Instructions for the task
Take the listing below and output it again exactly.

Source records
========

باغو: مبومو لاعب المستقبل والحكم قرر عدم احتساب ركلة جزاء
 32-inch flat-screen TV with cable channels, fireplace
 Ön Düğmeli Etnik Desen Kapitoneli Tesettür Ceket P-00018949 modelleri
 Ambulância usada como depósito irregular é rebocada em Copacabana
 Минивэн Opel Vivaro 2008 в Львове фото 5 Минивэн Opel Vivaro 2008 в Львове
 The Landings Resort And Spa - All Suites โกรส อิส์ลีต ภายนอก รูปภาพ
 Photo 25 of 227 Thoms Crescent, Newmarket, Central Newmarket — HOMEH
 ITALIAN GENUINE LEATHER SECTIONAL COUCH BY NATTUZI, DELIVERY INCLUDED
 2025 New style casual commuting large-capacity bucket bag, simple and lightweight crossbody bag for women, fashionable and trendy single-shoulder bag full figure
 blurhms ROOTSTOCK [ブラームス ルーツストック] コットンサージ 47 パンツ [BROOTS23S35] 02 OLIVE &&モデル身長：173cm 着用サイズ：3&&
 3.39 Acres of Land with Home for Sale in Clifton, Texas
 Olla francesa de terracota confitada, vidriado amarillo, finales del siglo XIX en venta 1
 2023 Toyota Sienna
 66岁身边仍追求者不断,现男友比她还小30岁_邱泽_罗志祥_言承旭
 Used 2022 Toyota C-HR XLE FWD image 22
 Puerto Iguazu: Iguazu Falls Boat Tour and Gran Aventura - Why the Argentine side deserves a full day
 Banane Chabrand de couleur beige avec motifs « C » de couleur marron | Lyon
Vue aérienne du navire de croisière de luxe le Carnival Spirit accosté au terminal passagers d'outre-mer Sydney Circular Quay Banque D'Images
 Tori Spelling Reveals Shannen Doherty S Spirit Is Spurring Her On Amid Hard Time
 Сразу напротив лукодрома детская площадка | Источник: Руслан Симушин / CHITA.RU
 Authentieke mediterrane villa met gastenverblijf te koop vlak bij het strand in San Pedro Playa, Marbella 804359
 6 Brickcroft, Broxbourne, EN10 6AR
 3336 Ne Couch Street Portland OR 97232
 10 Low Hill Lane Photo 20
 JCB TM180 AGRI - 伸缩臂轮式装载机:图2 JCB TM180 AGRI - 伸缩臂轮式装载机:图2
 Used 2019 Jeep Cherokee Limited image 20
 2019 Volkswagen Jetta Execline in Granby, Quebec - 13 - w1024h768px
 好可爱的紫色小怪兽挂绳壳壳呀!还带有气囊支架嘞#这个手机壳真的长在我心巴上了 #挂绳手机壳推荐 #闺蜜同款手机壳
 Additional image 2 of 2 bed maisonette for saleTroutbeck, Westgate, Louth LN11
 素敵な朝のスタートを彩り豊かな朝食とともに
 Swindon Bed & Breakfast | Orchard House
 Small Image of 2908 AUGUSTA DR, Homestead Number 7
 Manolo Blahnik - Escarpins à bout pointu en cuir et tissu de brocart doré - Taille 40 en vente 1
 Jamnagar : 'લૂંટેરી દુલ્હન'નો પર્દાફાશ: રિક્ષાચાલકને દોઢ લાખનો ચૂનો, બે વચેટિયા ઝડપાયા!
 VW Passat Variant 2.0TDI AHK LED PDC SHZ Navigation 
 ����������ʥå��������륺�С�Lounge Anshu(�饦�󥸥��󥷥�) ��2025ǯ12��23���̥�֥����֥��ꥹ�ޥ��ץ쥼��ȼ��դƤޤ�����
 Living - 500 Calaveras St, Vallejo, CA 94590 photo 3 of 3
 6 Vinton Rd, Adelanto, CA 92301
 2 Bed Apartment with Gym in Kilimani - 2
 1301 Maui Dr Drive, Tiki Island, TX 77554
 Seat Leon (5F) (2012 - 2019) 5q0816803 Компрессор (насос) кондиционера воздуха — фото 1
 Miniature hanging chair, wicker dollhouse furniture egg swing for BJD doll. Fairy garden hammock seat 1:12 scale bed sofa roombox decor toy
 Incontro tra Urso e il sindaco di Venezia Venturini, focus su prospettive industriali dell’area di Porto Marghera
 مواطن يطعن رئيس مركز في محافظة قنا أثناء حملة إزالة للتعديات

========

Exercise answer
باغو: مبومو لاعب المستقبل والحكم قرر عدم احتساب ركلة جزاء
 32-inch flat-screen TV with cable channels, fireplace
 Ön Düğmeli Etnik Desen Kapitoneli Tesettür Ceket P-00018949 modelleri
 Ambulância usada como depósito irregular é rebocada em Copacabana
 Минивэн Opel Vivaro 2008 в Львове фото 5 Минивэн Opel Vivaro 2008 в Львове
 The Landings Resort And Spa - All Suites โกรส อิส์ลีต ภายนอก รูปภาพ
 Photo 25 of 227 Thoms Crescent, Newmarket, Central Newmarket — HOMEH
 ITALIAN GENUINE LEATHER SECTIONAL COUCH BY NATTUZI, DELIVERY INCLUDED
 2025 New style casual commuting large-capacity bucket bag, simple and lightweight crossbody bag for women, fashionable and trendy single-shoulder bag full figure
 blurhms ROOTSTOCK [ブラームス ルーツストック] コットンサージ 47 パンツ [BROOTS23S35] 02 OLIVE &&モデル身長：173cm 着用サイズ：3&&
 3.39 Acres of Land with Home for Sale in Clifton, Texas
 Olla francesa de terracota confitada, vidriado amarillo, finales del siglo XIX en venta 1
 2023 Toyota Sienna
 66岁身边仍追求者不断,现男友比她还小30岁_邱泽_罗志祥_言承旭
 Used 2022 Toyota C-HR XLE FWD image 22
 Puerto Iguazu: Iguazu Falls Boat Tour and Gran Aventura - Why the Argentine side deserves a full day
 Banane Chabrand de couleur beige avec motifs « C » de couleur marron | Lyon
Vue aérienne du navire de croisière de luxe le Carnival Spirit accosté au terminal passagers d'outre-mer Sydney Circular Quay Banque D'Images
 Tori Spelling Reveals Shannen Doherty S Spirit Is Spurring Her On Amid Hard Time
 Сразу напротив лукодрома детская площадка | Источник: Руслан Симушин / CHITA.RU
 Authentieke mediterrane villa met gastenverblijf te koop vlak bij het strand in San Pedro Playa, Marbella 804359
 6 Brickcroft, Broxbourne, EN10 6AR
 3336 Ne Couch Street Portland OR 97232
 10 Low Hill Lane Photo 20
 JCB TM180 AGRI - 伸缩臂轮式装载机:图2 JCB TM180 AGRI - 伸缩臂轮式装载机:图2
 Used 2019 Jeep Cherokee Limited image 20
 2019 Volkswagen Jetta Execline in Granby, Quebec - 13 - w1024h768px
 好可爱的紫色小怪兽挂绳壳壳呀!还带有气囊支架嘞#这个手机壳真的长在我心巴上了 #挂绳手机壳推荐 #闺蜜同款手机壳
 Additional image 2 of 2 bed maisonette for saleTroutbeck, Westgate, Louth LN11
 素敵な朝のスタートを彩り豊かな朝食とともに
 Swindon Bed & Breakfast | Orchard House
 Small Image of 2908 AUGUSTA DR, Homestead Number 7
 Manolo Blahnik - Escarpins à bout pointu en cuir et tissu de brocart doré - Taille 40 en vente 1
 Jamnagar : 'લૂંટેરી દુલ્હન'નો પર્દાફાશ: રિક્ષાચાલકને દોઢ લાખનો ચૂનો, બે વચેટિયા ઝડપાયા!
 VW Passat Variant 2.0TDI AHK LED PDC SHZ Navigation 
 ����������ʥå��������륺�С�Lounge Anshu(�饦�󥸥��󥷥�) ��2025ǯ12��23���̥�֥����֥��ꥹ�ޥ��ץ쥼��ȼ��դƤޤ�����
 Living - 500 Calaveras St, Vallejo, CA 94590 photo 3 of 3
 6 Vinton Rd, Adelanto, CA 92301
 2 Bed Apartment with Gym in Kilimani - 2
 1301 Maui Dr Drive, Tiki Island, TX 77554
 Seat Leon (5F) (2012 - 2019) 5q0816803 Компрессор (насос) кондиционера воздуха — фото 1
 Miniature hanging chair, wicker dollhouse furniture egg swing for BJD doll. Fairy garden hammock seat 1:12 scale bed sofa roombox decor toy
 Incontro tra Urso e il sindaco di Venezia Venturini, focus su prospettive industriali dell’area di Porto Marghera
 مواطن يطعن رئيس مركز في محافظة قنا أثناء حملة إزالة للتعديات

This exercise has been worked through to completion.